▸ Your instructions:
Write out the entries exactly. None of the pictures should appear in the copy.
(Study material Opens)
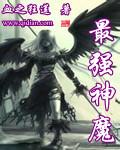 最强神魔帝皇系统txt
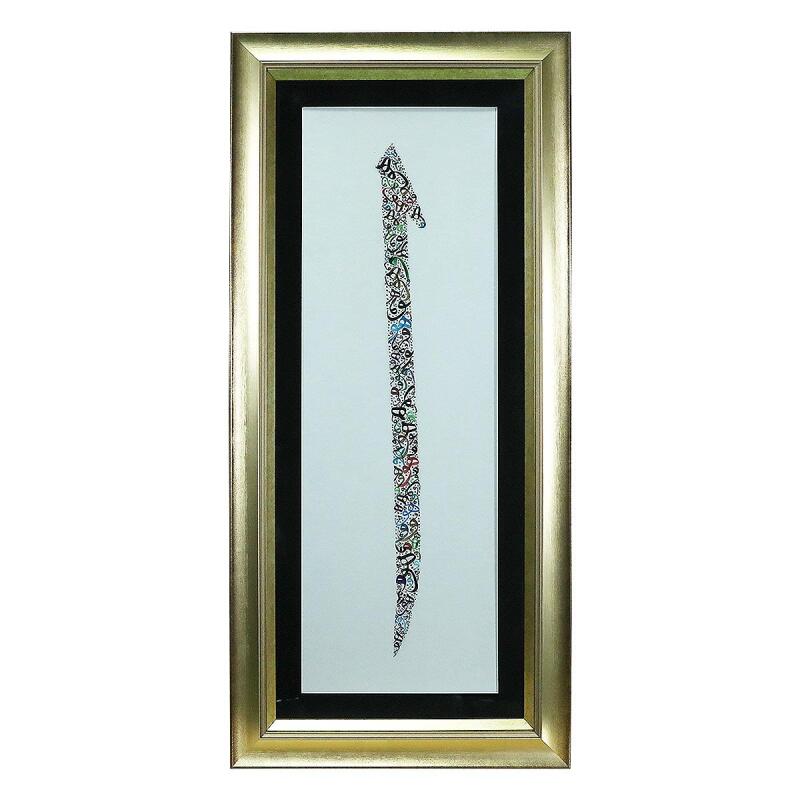 e38 EL İŞÇİLİĞİ ELİF YAZILI HÜSN-İ HAT TABLO - 54*119 CM - 6571 - 1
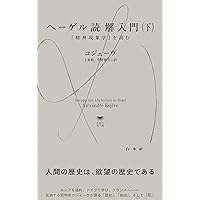 【未使用に近い】アレクサンドル・コジェーヴ / ヘーゲル読解入門 U1146 ヘーゲル読解入門（下） - 白水社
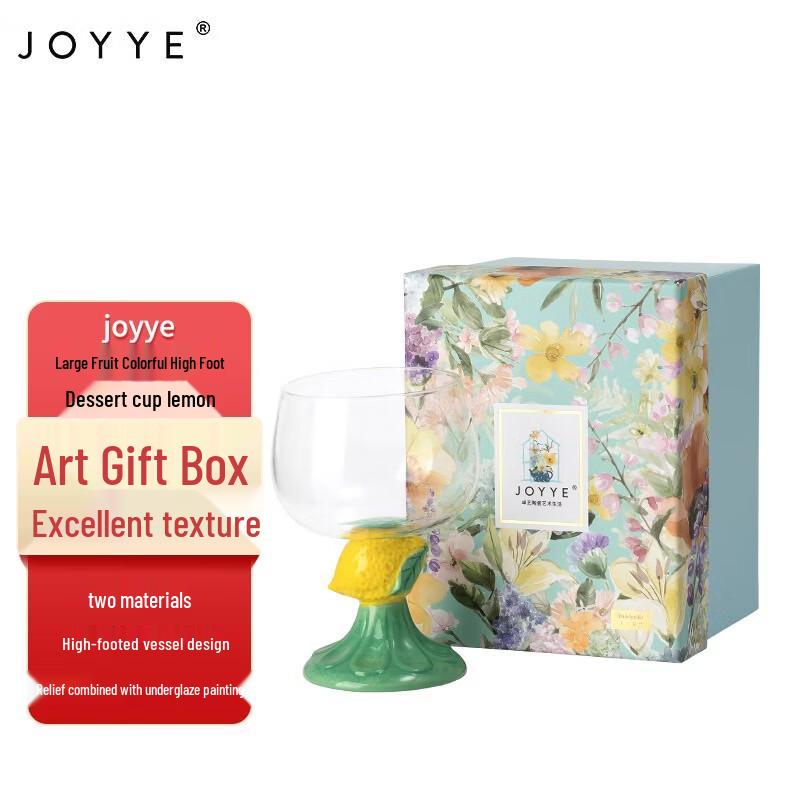 

JOYYE Fruitful Tall Dessert Cup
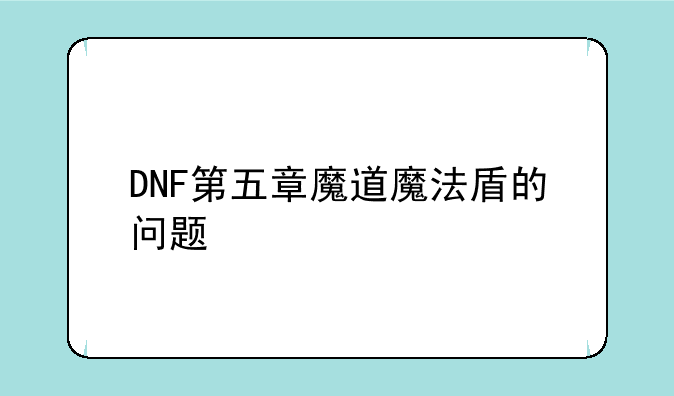 DNF第五章魔道魔法盾的问题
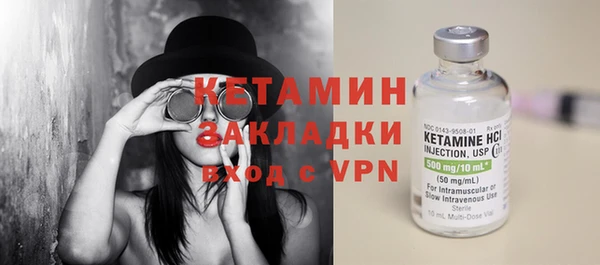 сатива Абаза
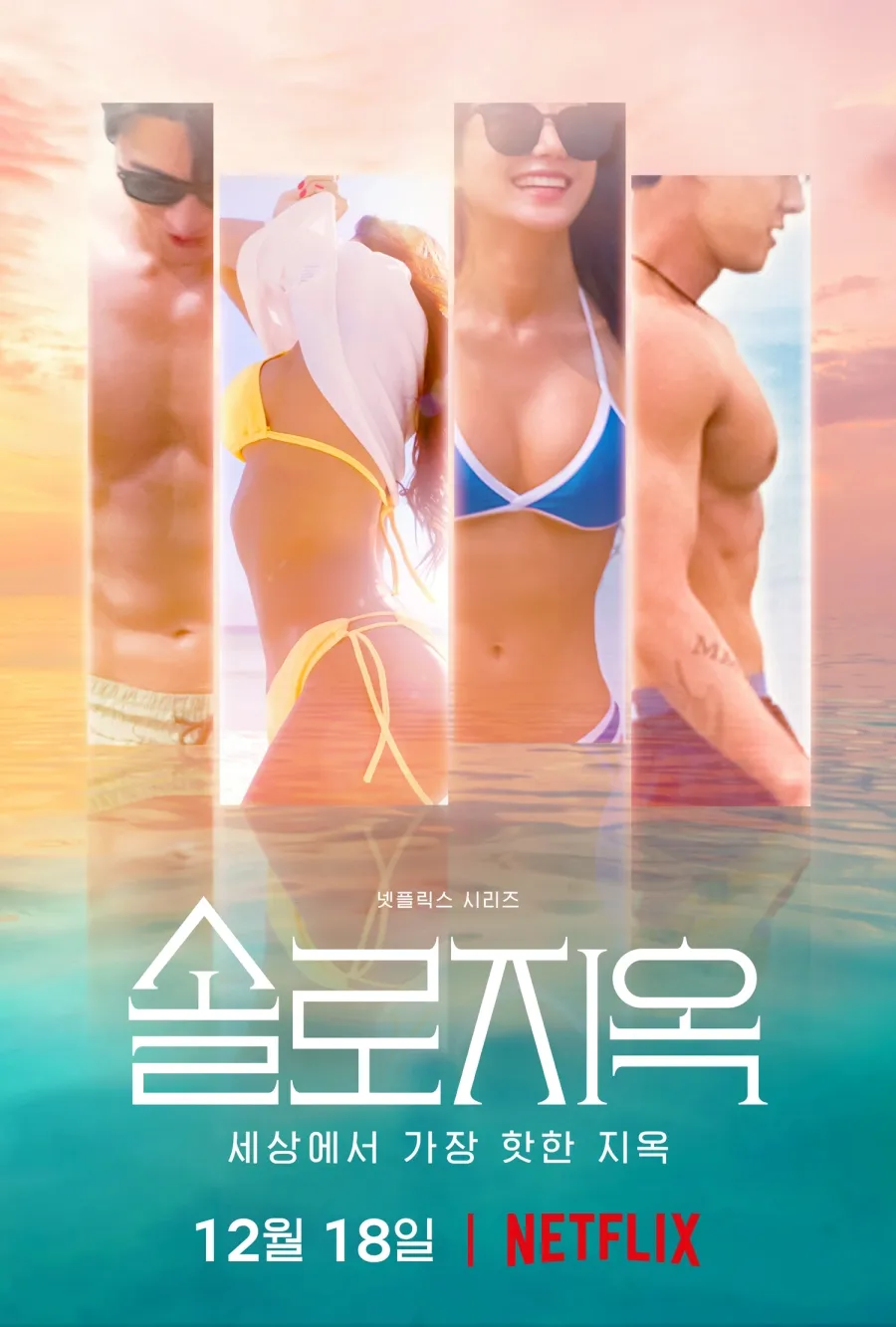 넷플릭스 솔로지옥1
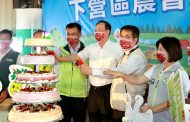 台南下營區農會慶百週年 陳吉仲、黃偉哲出席推薦農特產品
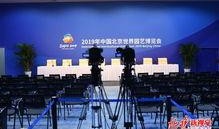 北京市新闻媒体爆料中心,北京市新闻媒体爆料中心最新动态与热点事件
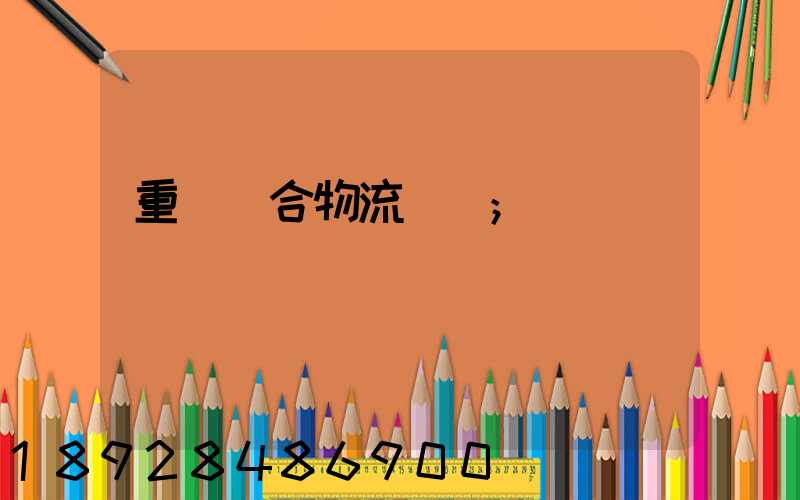重慶綜合物流運輸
(Study material Closes)
▸ Task answer:
 最强神魔帝皇系统txt
 e38 EL İŞÇİLİĞİ ELİF YAZILI HÜSN-İ HAT TABLO - 54*119 CM - 6571 - 1
 【未使用に近い】アレクサンドル・コジェーヴ / ヘーゲル読解入門 U1146 ヘーゲル読解入門（下） - 白水社

JOYYE Fruitful Tall Dessert Cup
 DNF第五章魔道魔法盾的问题
 сатива Абаза
 넷플릭스 솔로지옥1
 台南下營區農會慶百週年 陳吉仲、黃偉哲出席推薦農特產品
 北京市新闻媒体爆料中心,北京市新闻媒体爆料中心最新动态与热点事件
重慶綜合物流運輸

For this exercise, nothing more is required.